### SUPPLIED MATERIAL
+---+

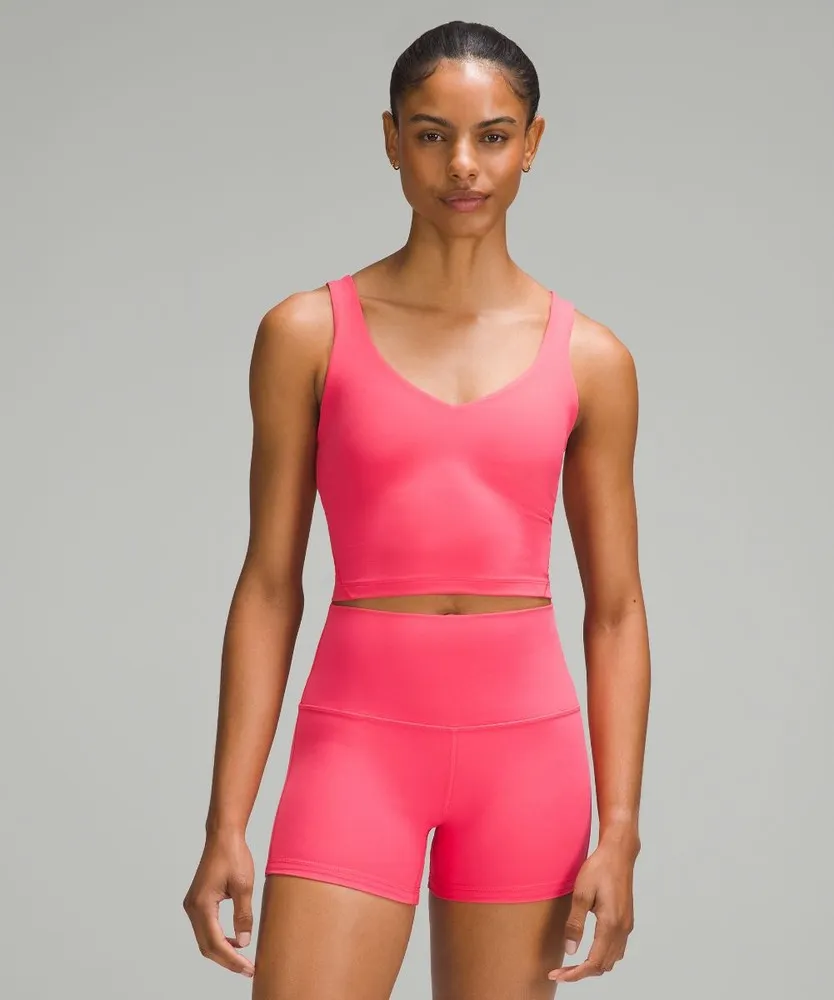 LULULEMON CAMISETA DE TIRANTES LULULEMON ALIGN  ROSAS | YV48M1SH
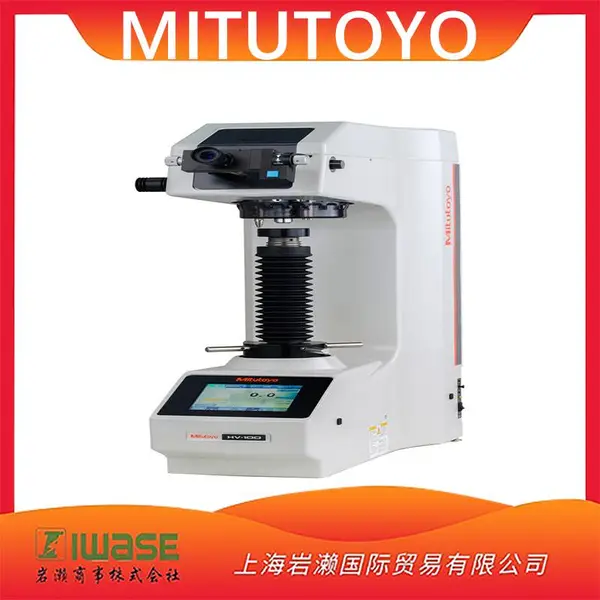 Mitutoyo ���� HV-110 ΢ά��Ӳ�ȼ� ���������ֶ�XY����Ԫ��λ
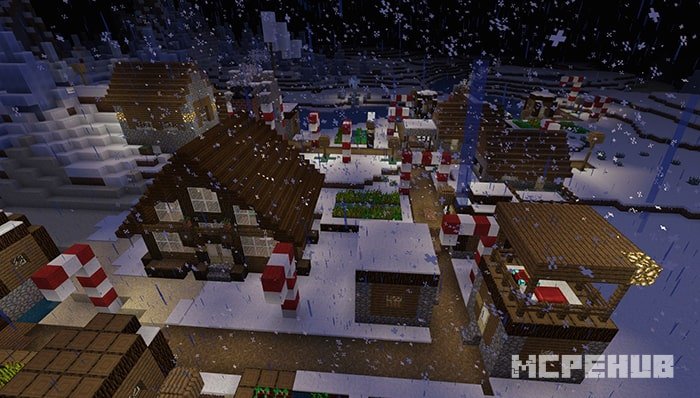 Evenhold Drama Christmas Map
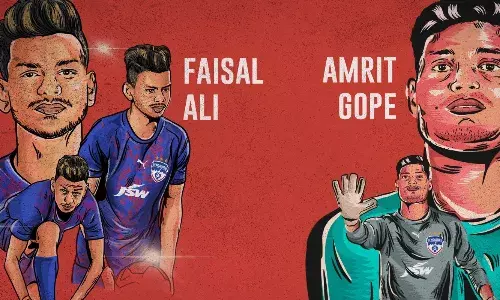 Bengaluru FC has signed two promising youngsters.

+---+

### TASK REQUIREMENTS
With pictures left out, transcribe each line from the one containing "Evenhold Drama Christmas Map" through the end of the data, both ends included.

### THE COMPLETED TASK
 Evenhold Drama Christmas Map
 Bengaluru FC has signed two promising youngsters.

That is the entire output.